Is that actually the intent here?
- "DNCP is most suitable for data that changes only gradually"
How is the reader to interpret "gradually"? Do you mean
"infrequently", or do you really mean "gradualy"?
o Last paragraph:
"DNCP has relatively few requirements for the underlying
transport; it requires some way of transmitting either unicast
datagram or stream data to a peer"
This is a bit of a forward comment, but we now have "nodes
that are accounted for" and "peers". I see neither defined in
the terminology section.
"and, if used in multicast mode, a way of
sending multicast datagrams."
This is the first mention of two "modes" of this protocol.
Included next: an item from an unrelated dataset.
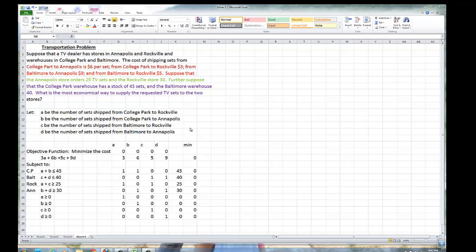One variable from each warehouse to each store. From College Park to Rockville, we're going to call lowercase a. Shipping the televisions from College Park to Annapolis, we'll call b. C will be the number of sets shipped from Baltimore to Rockville, and D will be the number of television sets shipped from Baltimore to Annapolis.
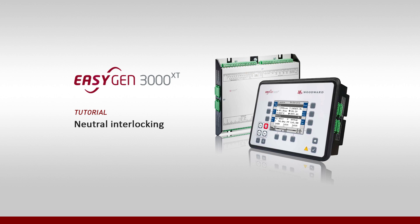Hello everybody, welcome to our video tutorials. In this video, we will show you a feature in our EasyGen XT controllers, called Neutral Interlocking.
This
loops back to an earlier comment, that the introduction actually
does not introduce the protocol, but rather is an incomplete
"If security is desired and one of the
built-in security methods is to be used, support for some
TLS-derived transport scheme - such as TLS [RFC5246] on top of
TCP or DTLS [RFC6347] on top of UDP - is also required."
I am not pretending to be a security expert, but "some
TLS-derived...such as ... on top of TCP or DTLS..." (i) does not
sound like it could lead to interoperable implementations, and (ii)
does not sound sufficiently tight as a MTI security mechanism to
pass security reviews. Again, I am no security expert, but perhaps
getting one looped in early would be advicable?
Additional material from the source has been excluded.